3. Update `cmdline.txt` to `root=/dev/mapper/vg0-root` (prefer by-UUID where available).
4. Install the initramfs `local-top` boot-attempt-counter hook.
5. Configure the BCM2835 hardware watchdog.
This conversion touches the initramfs and the kernel command line, so it is a careful, scripted operation best run at provisioning time rather than live on an in-service device.
### Upgrade flow (every upgrade, fully agent-driven)
1. Suspend management activity; set `upgrade-pending` in the control-plane DB.
2. `lvcreate` a thin snapshot `vg0/root_preupgrade`.
3. Write `bootcount=0` and `expected-good=false` markers to `/boot`.
4. `apt update && apt full-upgrade` (initramfs is regenerated here for the new kernel + modules).
5. `reboot`.
### Post-boot resolution
- **initramfs (hard failure):** increment `bootcount` on `/boot`; if `bootcount > N` (target N = 23), run `lvconvert --merge vg0/root_preupgrade`, drop the marker, and reboot into the restored root.
- **userspace agent (soft failure):** the new agent must achieve a successful **control-plane check-in** within the soft timeout. On success it resets `bootcount`, marks the snapshot committed (`lvremove` the pre-upgrade snapshot), clears `upgrade-pending`, and resumes operations. If the timer fires first, it performs `lvconvert --merge` + reboot.
- **hardware watchdog:** catches total hangs that stall even early boot; the reset returns control to the initramfs bootcount logic, which eventually triggers the merge.
### Key parameters and rules
- **Soft timeout** is measured against **successful control-plane check-in, not mere agent process start.** A privileged Podman container can start yet still be unable to reach us; in that state we prefer rollback over a bricked-but-running device. Initial value: 10 minutes.
- **Boot-attempt threshold** is kept low (23) so a hard-failing device gives up in minutes rather than looping for half an hour.
- **Snapshot merge semantics:** `lvconvert --merge` reverts the entire root LV to the snapshot point. The merge of an in-use origin completes on the next reactivation/reboot, so the pattern is *mark-for-merge → reboot → merge completes during activation.*
- **Data written between upgrade and rollback is discarded** by the merge.

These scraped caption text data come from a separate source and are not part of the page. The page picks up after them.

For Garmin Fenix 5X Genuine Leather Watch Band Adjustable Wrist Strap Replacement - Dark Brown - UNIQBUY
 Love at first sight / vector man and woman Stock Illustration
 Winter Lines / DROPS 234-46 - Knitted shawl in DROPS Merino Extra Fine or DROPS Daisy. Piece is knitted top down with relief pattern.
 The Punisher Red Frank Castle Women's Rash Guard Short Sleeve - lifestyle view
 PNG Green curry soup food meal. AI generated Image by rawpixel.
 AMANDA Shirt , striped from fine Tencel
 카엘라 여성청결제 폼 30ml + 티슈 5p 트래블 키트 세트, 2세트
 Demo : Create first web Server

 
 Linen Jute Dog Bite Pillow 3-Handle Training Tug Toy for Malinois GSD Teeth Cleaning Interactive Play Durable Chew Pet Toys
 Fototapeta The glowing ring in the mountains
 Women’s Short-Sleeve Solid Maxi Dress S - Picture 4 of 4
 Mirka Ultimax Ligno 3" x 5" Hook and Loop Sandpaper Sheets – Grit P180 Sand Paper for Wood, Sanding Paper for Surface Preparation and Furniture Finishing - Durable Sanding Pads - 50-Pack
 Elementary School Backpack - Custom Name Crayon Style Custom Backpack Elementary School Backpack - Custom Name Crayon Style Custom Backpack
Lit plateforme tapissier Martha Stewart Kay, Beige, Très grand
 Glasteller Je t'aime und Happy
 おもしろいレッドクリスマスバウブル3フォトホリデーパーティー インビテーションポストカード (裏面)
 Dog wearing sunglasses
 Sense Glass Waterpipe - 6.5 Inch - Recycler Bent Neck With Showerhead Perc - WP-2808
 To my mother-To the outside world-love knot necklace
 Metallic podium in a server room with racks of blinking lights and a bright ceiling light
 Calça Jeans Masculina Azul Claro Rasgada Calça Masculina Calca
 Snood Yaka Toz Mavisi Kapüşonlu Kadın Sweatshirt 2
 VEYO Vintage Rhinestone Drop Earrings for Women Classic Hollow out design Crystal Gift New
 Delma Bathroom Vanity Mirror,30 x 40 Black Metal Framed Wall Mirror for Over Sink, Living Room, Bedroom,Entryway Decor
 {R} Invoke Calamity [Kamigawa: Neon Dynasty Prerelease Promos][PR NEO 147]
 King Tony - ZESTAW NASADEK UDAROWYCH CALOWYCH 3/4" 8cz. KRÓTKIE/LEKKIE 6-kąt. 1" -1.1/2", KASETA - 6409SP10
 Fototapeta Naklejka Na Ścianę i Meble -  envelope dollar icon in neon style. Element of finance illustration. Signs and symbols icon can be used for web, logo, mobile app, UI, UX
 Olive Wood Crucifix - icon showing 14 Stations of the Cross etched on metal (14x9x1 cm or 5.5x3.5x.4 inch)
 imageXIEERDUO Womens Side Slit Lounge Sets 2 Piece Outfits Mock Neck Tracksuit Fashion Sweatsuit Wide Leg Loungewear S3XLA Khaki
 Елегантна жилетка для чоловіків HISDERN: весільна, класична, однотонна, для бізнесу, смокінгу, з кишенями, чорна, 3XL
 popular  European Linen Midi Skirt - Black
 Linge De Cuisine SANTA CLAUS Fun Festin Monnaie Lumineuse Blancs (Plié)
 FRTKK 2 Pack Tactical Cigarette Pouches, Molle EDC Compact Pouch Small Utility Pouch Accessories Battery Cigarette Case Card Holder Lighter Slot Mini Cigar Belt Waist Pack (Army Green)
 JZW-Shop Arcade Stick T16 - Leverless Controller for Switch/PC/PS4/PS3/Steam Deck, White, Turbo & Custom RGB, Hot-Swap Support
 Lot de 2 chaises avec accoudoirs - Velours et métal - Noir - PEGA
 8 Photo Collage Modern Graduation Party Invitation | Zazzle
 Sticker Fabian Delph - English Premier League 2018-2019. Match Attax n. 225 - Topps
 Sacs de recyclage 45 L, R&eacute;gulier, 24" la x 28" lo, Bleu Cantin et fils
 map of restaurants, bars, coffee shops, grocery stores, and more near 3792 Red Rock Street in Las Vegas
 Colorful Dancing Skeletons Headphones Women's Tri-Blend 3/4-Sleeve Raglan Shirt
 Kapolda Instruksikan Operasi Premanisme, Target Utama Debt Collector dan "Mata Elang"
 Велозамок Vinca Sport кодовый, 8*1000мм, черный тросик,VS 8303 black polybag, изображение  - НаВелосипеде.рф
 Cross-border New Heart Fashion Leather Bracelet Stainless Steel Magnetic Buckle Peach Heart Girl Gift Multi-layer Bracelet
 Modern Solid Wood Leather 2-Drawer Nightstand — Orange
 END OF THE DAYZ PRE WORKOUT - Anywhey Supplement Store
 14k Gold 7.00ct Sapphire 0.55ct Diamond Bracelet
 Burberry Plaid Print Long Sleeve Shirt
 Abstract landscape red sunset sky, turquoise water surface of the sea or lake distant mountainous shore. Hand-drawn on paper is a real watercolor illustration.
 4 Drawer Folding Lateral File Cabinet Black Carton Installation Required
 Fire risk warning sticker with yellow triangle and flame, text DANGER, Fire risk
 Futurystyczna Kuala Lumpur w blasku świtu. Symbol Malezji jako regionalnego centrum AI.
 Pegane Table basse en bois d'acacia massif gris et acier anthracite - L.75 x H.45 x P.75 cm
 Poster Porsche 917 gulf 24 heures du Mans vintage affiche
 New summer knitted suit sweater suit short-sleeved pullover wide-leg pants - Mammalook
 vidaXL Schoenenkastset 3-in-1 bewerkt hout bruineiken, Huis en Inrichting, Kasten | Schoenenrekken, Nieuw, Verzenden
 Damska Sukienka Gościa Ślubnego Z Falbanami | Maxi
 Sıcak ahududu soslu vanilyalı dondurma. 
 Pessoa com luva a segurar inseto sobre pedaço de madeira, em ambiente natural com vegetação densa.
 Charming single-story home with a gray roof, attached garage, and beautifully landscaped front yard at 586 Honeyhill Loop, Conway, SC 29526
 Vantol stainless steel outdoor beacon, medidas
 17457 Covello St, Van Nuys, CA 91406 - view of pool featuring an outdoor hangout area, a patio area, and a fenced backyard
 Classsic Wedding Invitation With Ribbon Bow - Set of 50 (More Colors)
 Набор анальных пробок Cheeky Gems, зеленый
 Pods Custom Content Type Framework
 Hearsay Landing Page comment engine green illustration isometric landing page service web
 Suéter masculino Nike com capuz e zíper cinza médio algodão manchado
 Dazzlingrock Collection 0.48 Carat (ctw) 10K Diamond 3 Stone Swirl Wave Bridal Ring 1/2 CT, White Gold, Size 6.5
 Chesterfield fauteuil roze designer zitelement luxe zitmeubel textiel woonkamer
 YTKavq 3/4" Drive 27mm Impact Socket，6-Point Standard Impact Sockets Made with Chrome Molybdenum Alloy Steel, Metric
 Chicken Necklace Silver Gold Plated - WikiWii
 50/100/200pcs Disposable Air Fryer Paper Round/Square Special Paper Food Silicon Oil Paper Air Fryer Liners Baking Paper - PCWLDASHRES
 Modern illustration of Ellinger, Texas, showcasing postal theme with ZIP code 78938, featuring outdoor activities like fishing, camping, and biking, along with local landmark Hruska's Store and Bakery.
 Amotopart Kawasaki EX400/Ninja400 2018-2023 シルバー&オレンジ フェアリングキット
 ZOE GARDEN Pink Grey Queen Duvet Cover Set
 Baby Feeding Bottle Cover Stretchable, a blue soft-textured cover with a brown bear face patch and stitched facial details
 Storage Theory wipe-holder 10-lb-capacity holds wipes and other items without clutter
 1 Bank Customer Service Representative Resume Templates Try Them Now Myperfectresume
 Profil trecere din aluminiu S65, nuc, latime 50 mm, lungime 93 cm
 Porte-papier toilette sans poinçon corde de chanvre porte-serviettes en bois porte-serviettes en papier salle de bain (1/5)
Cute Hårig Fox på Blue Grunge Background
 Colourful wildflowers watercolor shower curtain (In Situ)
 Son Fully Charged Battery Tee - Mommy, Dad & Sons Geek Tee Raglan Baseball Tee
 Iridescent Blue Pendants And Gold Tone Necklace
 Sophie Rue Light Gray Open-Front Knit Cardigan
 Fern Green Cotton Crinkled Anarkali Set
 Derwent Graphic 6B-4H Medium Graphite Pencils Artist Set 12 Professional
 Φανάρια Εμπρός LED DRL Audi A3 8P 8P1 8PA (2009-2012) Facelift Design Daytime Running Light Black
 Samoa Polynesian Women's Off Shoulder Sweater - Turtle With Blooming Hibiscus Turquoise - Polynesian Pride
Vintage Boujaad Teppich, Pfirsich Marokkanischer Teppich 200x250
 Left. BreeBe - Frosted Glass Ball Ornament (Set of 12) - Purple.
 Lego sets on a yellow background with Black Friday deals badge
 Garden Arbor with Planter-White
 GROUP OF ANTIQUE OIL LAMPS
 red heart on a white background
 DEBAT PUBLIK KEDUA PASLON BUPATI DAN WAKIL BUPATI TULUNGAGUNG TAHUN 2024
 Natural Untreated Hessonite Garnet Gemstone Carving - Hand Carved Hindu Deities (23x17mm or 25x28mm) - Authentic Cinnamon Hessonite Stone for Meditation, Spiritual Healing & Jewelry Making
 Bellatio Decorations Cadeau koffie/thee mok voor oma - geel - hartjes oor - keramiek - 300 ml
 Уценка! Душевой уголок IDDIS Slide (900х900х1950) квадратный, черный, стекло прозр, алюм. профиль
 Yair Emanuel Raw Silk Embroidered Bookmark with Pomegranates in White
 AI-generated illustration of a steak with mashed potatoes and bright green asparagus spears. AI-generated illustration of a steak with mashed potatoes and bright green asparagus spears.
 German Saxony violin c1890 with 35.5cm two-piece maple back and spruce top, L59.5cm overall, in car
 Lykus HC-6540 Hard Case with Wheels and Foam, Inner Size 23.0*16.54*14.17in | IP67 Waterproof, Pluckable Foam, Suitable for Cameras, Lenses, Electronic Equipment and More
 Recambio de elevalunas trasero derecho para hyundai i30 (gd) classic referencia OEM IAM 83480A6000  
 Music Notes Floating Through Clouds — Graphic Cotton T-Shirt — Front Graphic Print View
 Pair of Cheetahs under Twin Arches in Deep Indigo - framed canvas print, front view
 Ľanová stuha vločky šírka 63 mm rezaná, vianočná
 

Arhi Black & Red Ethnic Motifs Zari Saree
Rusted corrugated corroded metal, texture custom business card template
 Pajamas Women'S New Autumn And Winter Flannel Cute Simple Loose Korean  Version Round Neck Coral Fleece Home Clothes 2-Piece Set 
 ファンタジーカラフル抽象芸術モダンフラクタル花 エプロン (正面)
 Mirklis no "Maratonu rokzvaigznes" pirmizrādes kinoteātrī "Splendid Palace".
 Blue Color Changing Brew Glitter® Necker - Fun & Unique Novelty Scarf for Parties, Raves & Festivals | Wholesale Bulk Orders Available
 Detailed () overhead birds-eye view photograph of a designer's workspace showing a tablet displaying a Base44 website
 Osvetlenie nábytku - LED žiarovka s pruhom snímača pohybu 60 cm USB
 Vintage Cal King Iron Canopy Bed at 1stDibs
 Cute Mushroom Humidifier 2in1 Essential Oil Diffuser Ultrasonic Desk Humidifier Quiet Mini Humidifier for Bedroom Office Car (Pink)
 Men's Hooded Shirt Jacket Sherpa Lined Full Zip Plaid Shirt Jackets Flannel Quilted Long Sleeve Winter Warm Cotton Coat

Anything the new agent must persist across a rollback has to live outside the snapshot — on a separate LV or in the control-plane DB — or it will be reverted with the rest of root.
- **Marker placement is deliberate:** boot-attempt counter on `/boot` (FAT, outside LVM, survives rollback, drives the decision); operational state in the control-plane DB.
## Alternatives considered
### ZFS on root (with snapshots / boot environments) — Rejected
ZFS offers superior rollback ergonomics: atomic, fully consistent `zfs rollback`, and boot environments that provide an elegant A/B-without-partitions story. Rejected for this use case because:
- **Out-of-tree DKMS module.** ZFS rebuilds against every new kernel. A failed build or a non-loading module means **root will not mount** — coupling the snapshot mechanism to the exact event (a bad kernel upgrade) it is meant to protect against. This circular dependency is disqualifying for a tool whose job is surviving bad kernel upgrades. LVM/device-mapper, being in-tree, has no such dependency.
- **Higher customer-visible footprint.** Root becomes ZFS; `fstab`, `root=ZFS=`, initramfs hooks, and the customer's existing monitoring/backup scripts are all affected. "ext4-on-LV" is invisible by comparison.
- **More DKMS surface.** Both ZFS and the customer's custom modules would share the kernel-bump rebuild path.
- **ARC/memory tuning** is a real operational tax on 24 GB Pi models.
ZFS remains the technically superior rollback model and would be reconsidered if we independently wanted ZFS for data-integrity or `send`/`receive` reasons.
### Partition-level A/B (RAUC / Mender / swupdate, Pi `tryboot`) — Rejected
The embedded-industry-standard answer: dual root partitions, image-based deployment, bootloader-owned A/B flip with a boot-attempt counter (on Pi, via the `tryboot` one-shot mechanism). The bootloader, not the agent, owns the rollback decision, which cleanly solves the hard-failure case. Rejected because:
- Requires **owning the partition table and bootloader configuration** — the most invasive intrusion into a customer's installation, violating constraint 3.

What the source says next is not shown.